- _DATASET EXCERPTS_

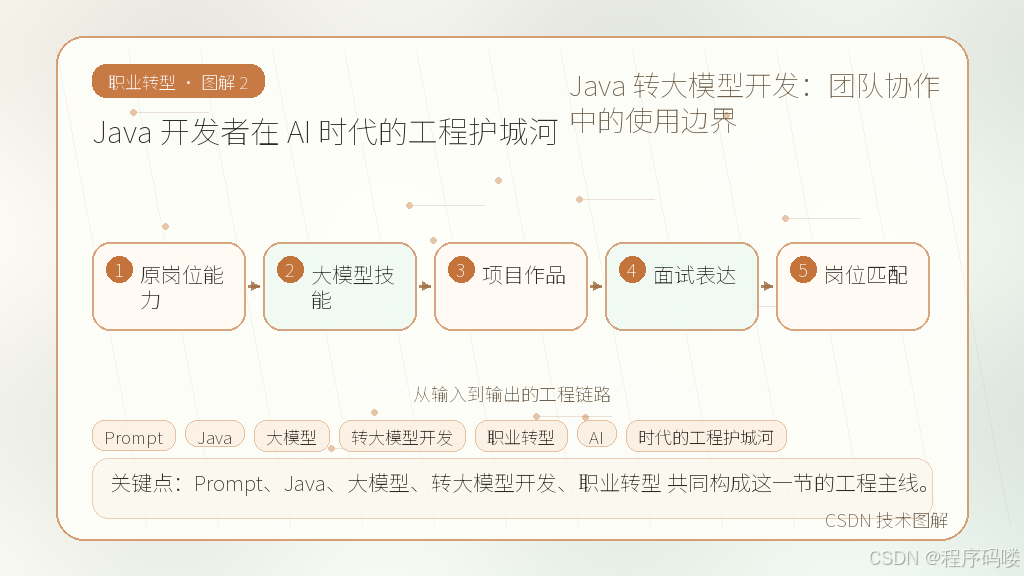 文章插图 2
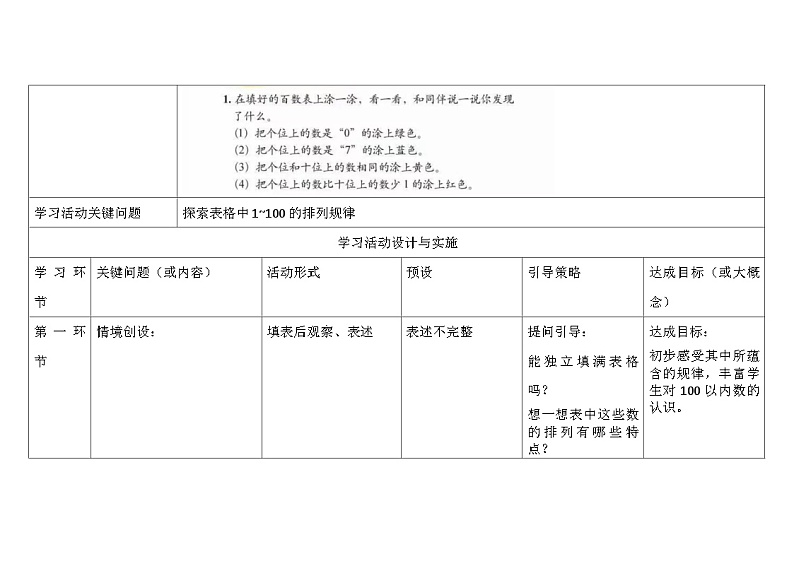 北师大版小学数学一下第三单元第6课时《做个百数表》及单元设计与实施反思第3页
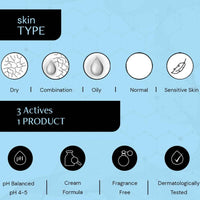 Thumbnail for Deconstruct Smoothing Body Cream - Distacart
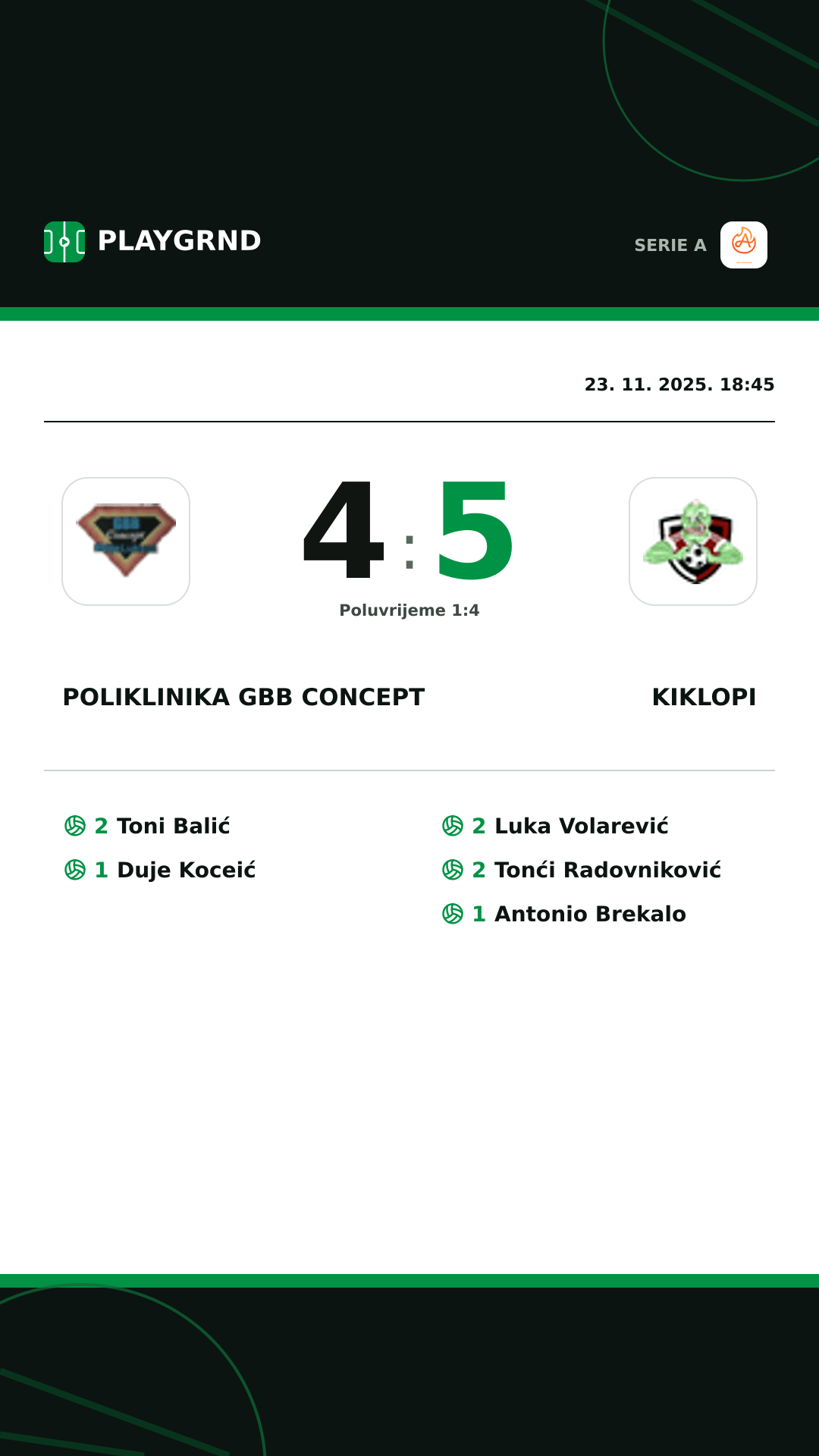 Instagram slika: Poliklinika Gbb Concept 4:5 Kiklopi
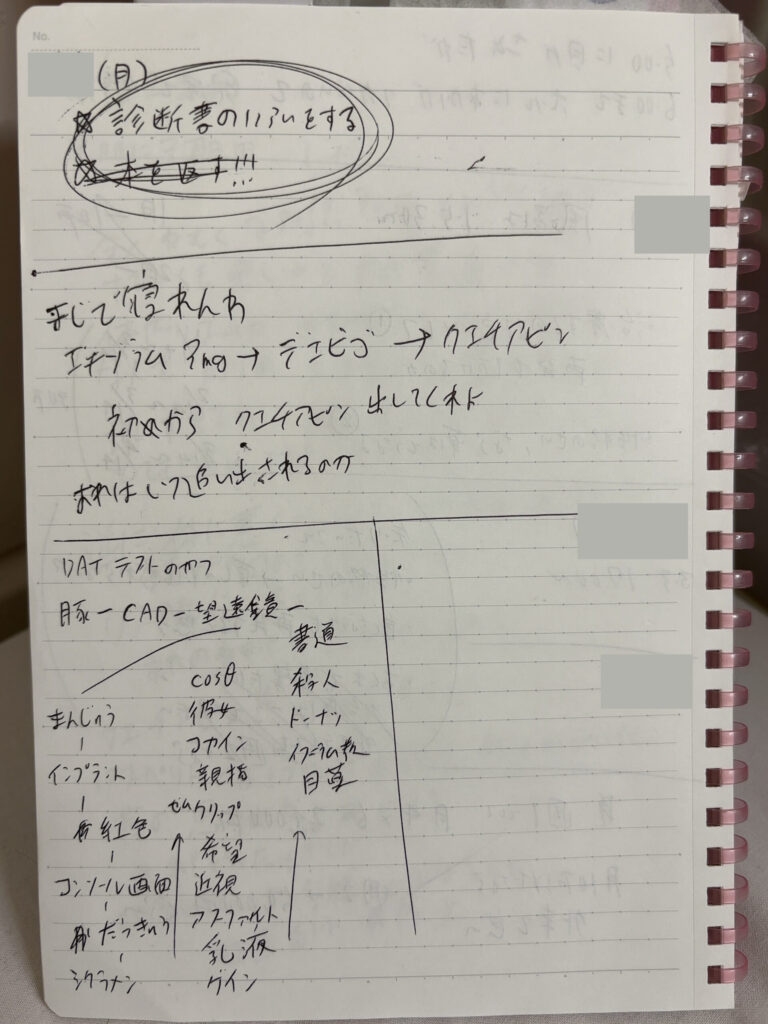 精神科閉鎖病棟に入院している間に書いたノート。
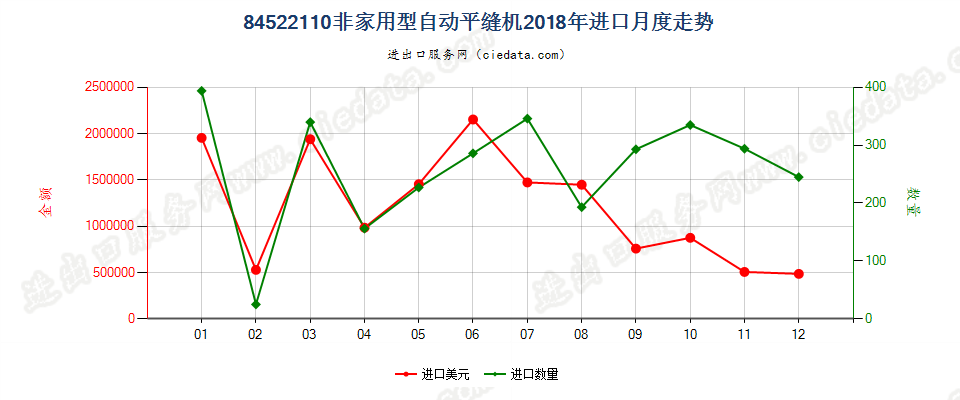 84522110非家用型自动平缝机进口2018年月度走势图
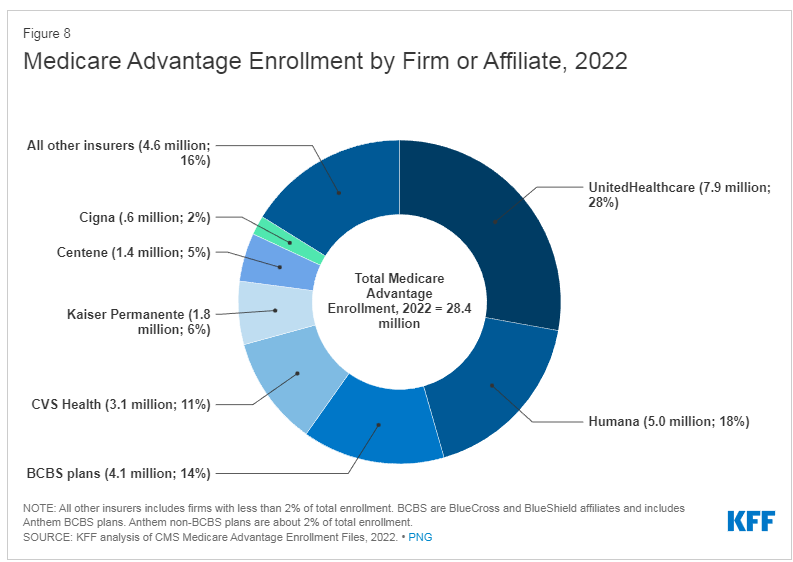 top US advantage plan carreirs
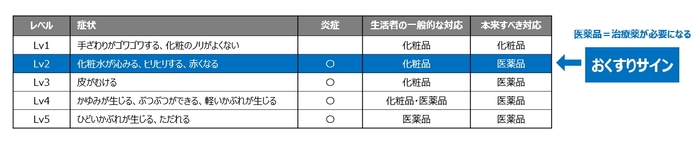おくすりサイン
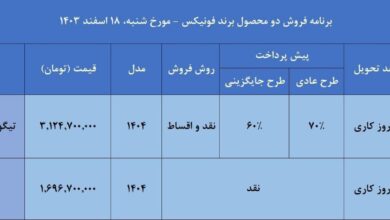 ثبت نام اقساطی مدیران خودرو اسفند ۱۴۰۳ / تیگو و آریزو را به قیمت کارخانه بخرید + تحویل ۶۰ روزه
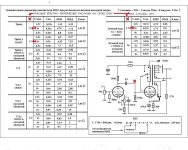 сравнение от Василича 6п3с.jpg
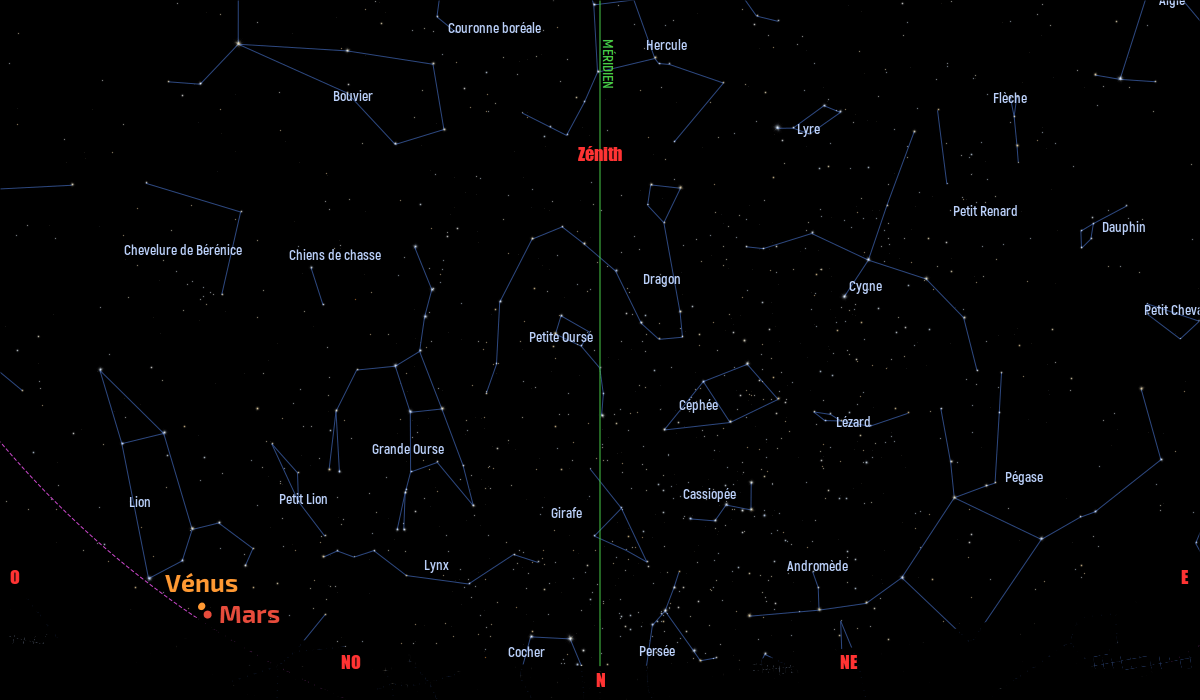 Carte du ciel de l’hémisphère nord, en direction du nord, au 15&nbsp;juillet 2021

- _WHAT THIS TASK INVOLVES_
Exactly as written, return each line above and leave the pictures behind.

- _RESULT OF THE TASK_
 文章插图 2
 北师大版小学数学一下第三单元第6课时《做个百数表》及单元设计与实施反思第3页
 Thumbnail for Deconstruct Smoothing Body Cream - Distacart
 Instagram slika: Poliklinika Gbb Concept 4:5 Kiklopi
 精神科閉鎖病棟に入院している間に書いたノート。
 84522110非家用型自动平缝机进口2018年月度走势图
 top US advantage plan carreirs
おくすりサイン
 ثبت نام اقساطی مدیران خودرو اسفند ۱۴۰۳ / تیگو و آریزو را به قیمت کارخانه بخرید + تحویل ۶۰ روزه
 сравнение от Василича 6п3с.jpg
 Carte du ciel de l’hémisphère nord, en direction du nord, au 15&nbsp;juillet 2021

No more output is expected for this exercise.